En réalité, ce sont juste 16 familles et une trentaine d’hommes célibataires qui n’ont pas trouvé d’autre lieu pour se loger que cet immeuble à la limite de la sécurité et de l’insalubrité.

Le 14 rue Fiocca est connu depuis plusieurs années déjà pour héberger des personnes avec ou sans papiers, salariés ou non, des enfants scolarisés de la maternelle à l’université...Un immeuble à l’image de la ville, qui s’arrange avec la misère parce qu’il n’y a pas le choix, qu’il faut vivre et protéger les enfants. Le squat est devenu à Marseille une façon comme une autre de se loger, parce que les loyers sont inaccessibles même pour les salariés, parce que la pauvreté augmente, et que la spéculation immobilière est devenue une activité aussi populaire que la pétanque. Des immeubles vides et des familles à la rue, une ville incapable de loger ses habitants, voilà l’explication de ce squat.

Immeuble racheté par les fonds de pensions américains, qui louent aujourd’hui des appartements de la rue de la République plus de 1000 euros pour un T5,5 fois plus qu’avant l’achat !! Plus de place pour les pauvres, foutez le camp du centre ville, on ne veut plus de vous ici !

La majorité des familles font partie du Comité Chômeurs et du Collectif des Sans Papiers, et se battent depuis plusieurs mois pour tenter de trouver une issue à cette situation. On savait que la situation ne pouvait pas perdurer ce qu’on voulait c’était trouver une solution humaine. Le combat c’était le relogement et la régularisation des familles sans papiers, et surtout pas d’expulsion sans relogement digne de ce nom.
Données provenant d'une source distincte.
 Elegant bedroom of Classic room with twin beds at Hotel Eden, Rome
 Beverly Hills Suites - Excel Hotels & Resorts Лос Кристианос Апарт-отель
En septembre, il y eut une rumeur d’expulsion, nous avions organisé une semaine de veille tous les matins à 6h devant l’immeuble avec d’autres organisations et associations. La semaine dernière encore on alertait la préfecture sur l’angoisse des familles, « Mais non il n’y a rien de prévu, on n’est pas au courant ! » Evidemment ces mensonges pour être sûr que personne ne viendrait troubler une expulsion qui rendrait son bien à une société d’investissement immobilier et aiderait le maire de Marseille à « nettoyer » le centre ville.

Rachid à 8h00, ne trouvait pas du tout qu’on l’avait traité « dignement » (dixit Monsieur le Préfet), ni les jeunes mineurs que l’on a menottés avant de les laisser repartir en ayant à peine le temps de prendre leurs affaires pour ceux qui ont pu les récupérer...Enfin ils s’en sortent mieux que les 12 célibataires sans papiers expédiés au centre de rétention d’Arenc.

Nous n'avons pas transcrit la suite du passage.